Please, from the entries below, transcribe exactly the lines that begin at the line with "Oatmeal Cookie Protein Energy Bites" and end at the line with "PRKDC fusion protein Ag29173 SDS-PAGE", without the pictures.

The records:
══════
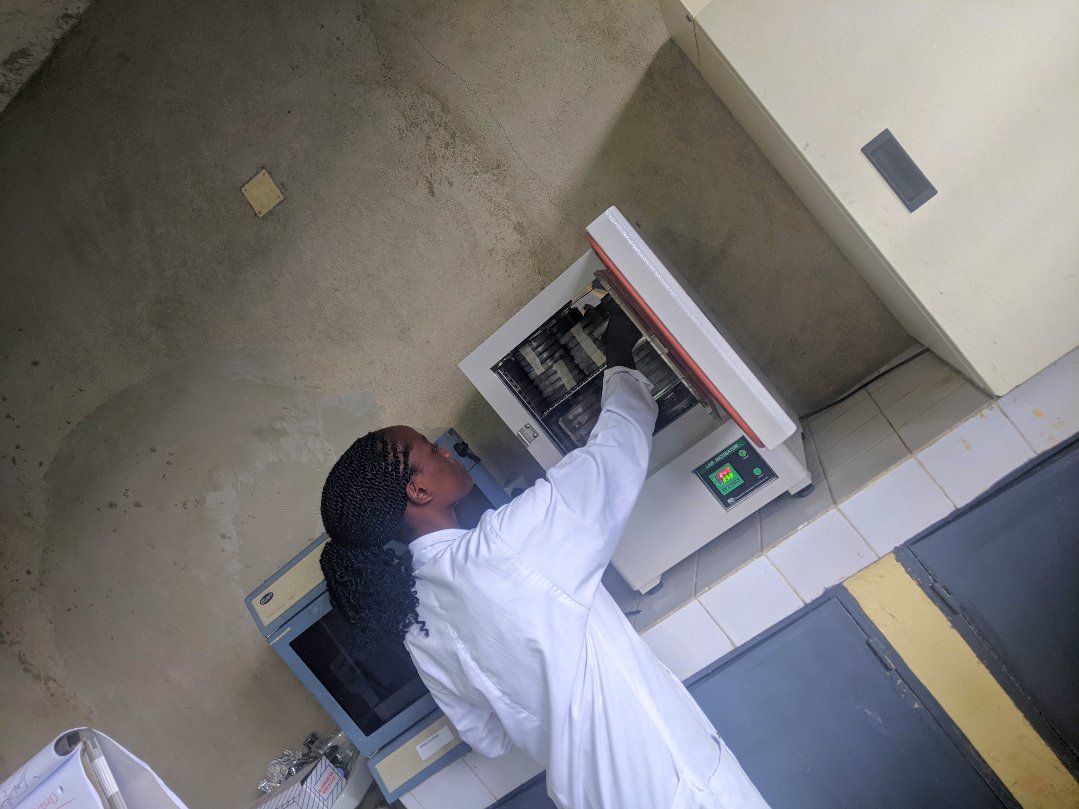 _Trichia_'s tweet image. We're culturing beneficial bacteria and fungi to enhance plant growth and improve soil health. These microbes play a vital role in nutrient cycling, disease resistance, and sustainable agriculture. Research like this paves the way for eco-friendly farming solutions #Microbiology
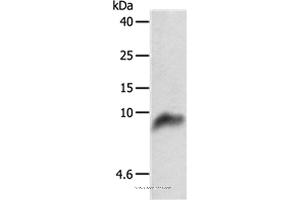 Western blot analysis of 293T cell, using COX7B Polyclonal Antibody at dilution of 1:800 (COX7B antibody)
══════
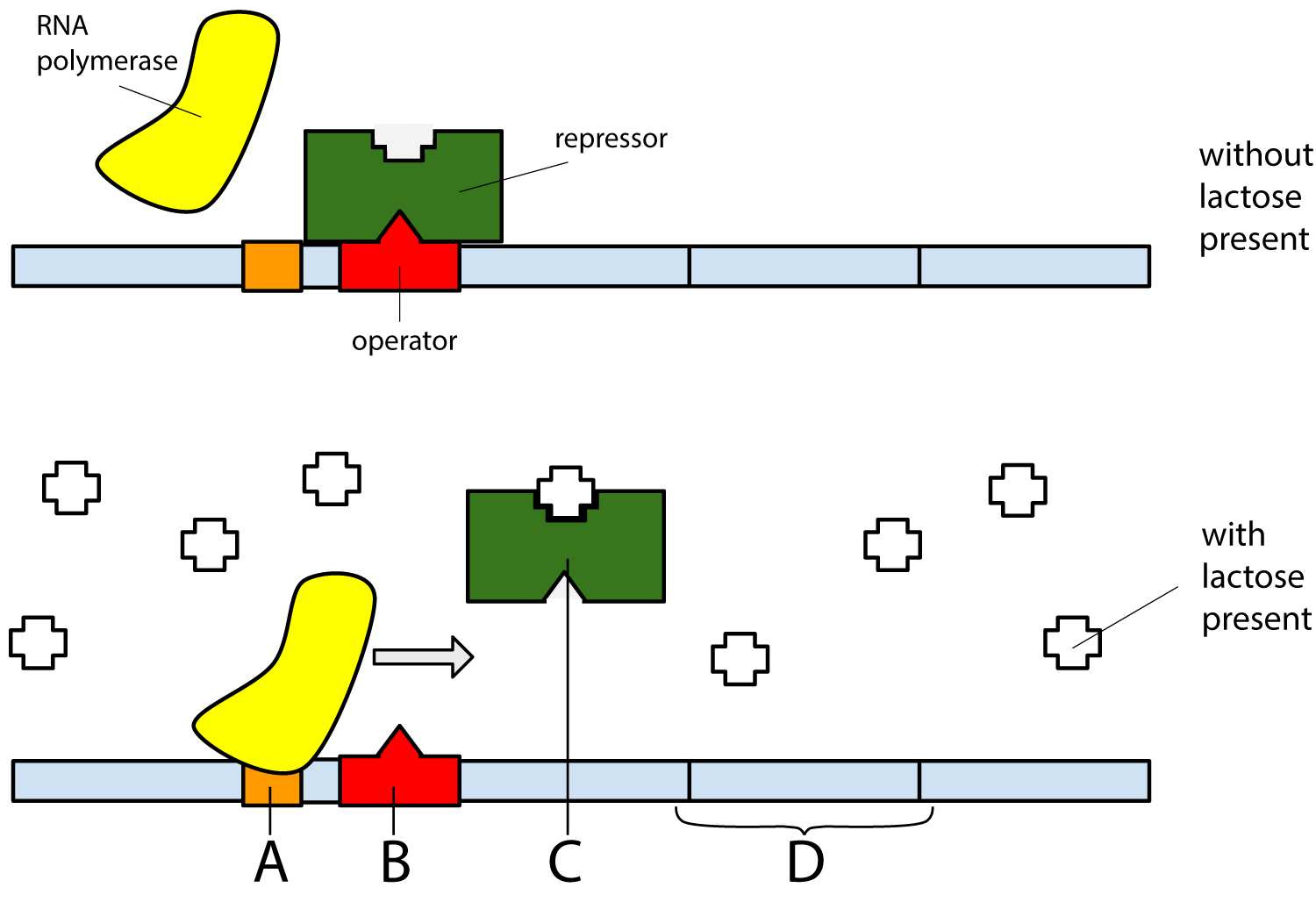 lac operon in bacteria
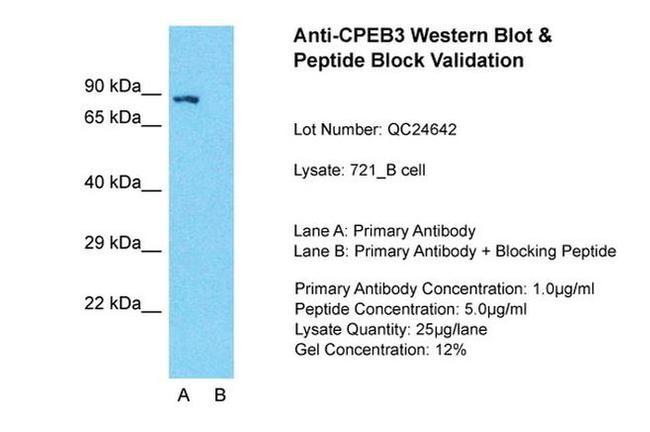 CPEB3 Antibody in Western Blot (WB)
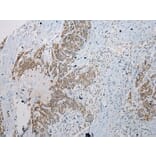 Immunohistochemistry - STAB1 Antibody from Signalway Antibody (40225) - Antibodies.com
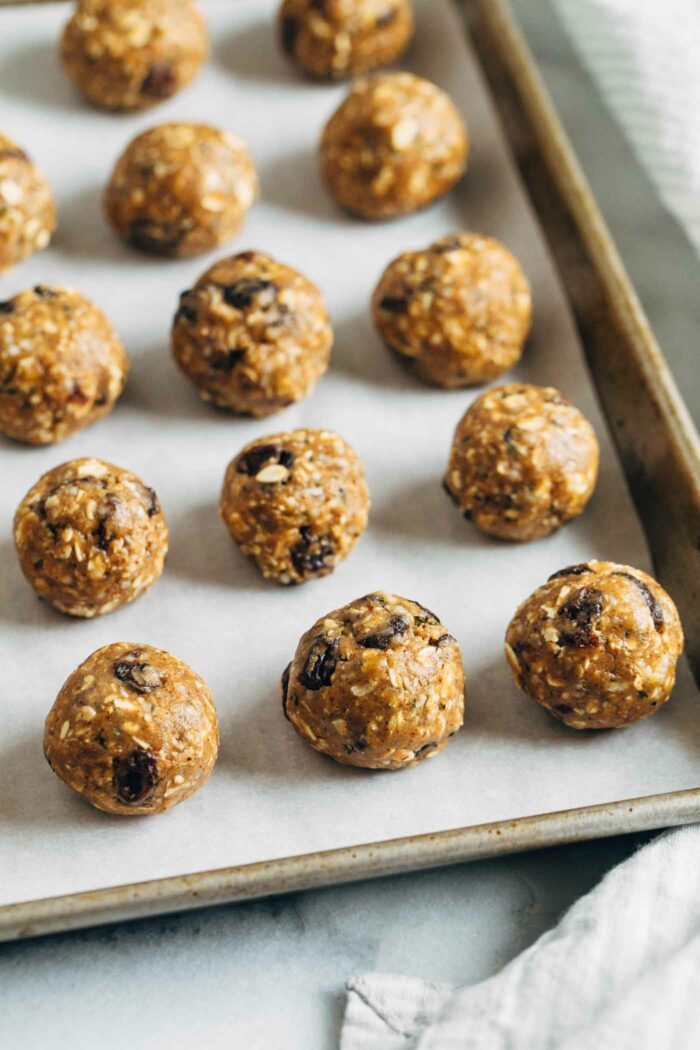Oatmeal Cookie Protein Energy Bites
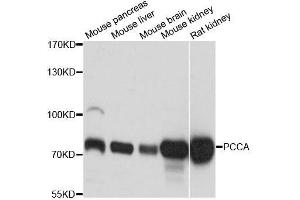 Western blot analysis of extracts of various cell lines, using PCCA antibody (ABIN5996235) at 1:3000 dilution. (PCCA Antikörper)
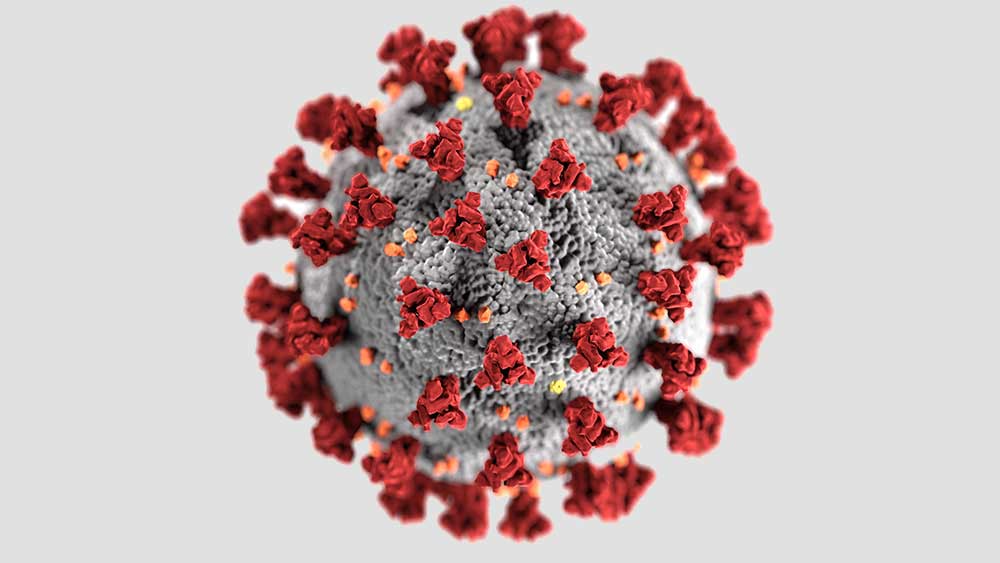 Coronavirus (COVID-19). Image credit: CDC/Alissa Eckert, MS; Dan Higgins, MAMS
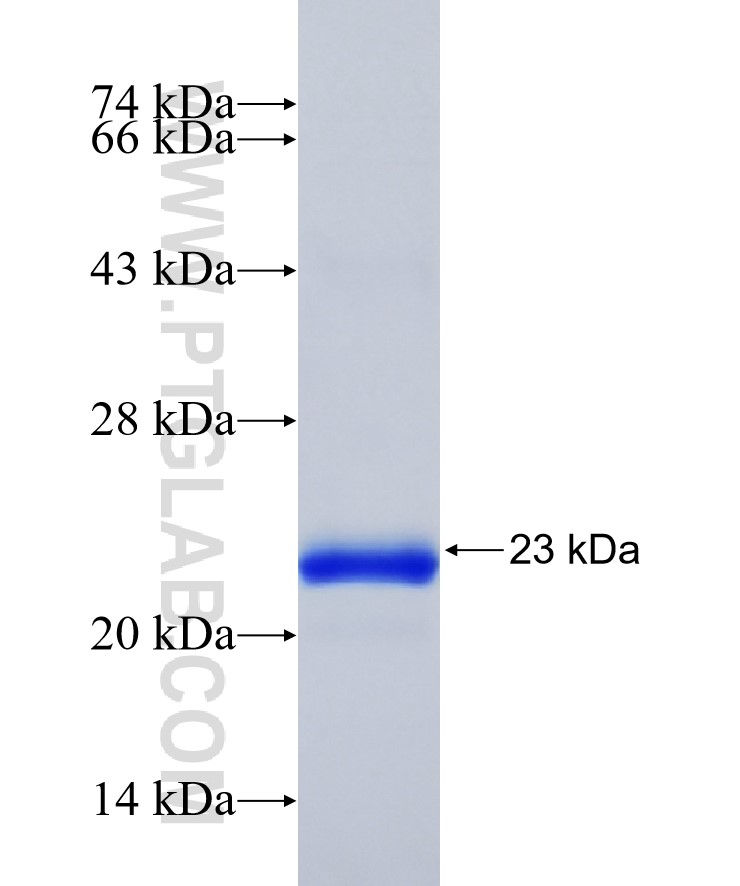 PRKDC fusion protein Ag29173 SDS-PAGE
══════
Response to this exercise:
Oatmeal Cookie Protein Energy Bites
 Western blot analysis of extracts of various cell lines, using PCCA antibody (ABIN5996235) at 1:3000 dilution. (PCCA Antikörper)
 Coronavirus (COVID-19). Image credit: CDC/Alissa Eckert, MS; Dan Higgins, MAMS
 PRKDC fusion protein Ag29173 SDS-PAGE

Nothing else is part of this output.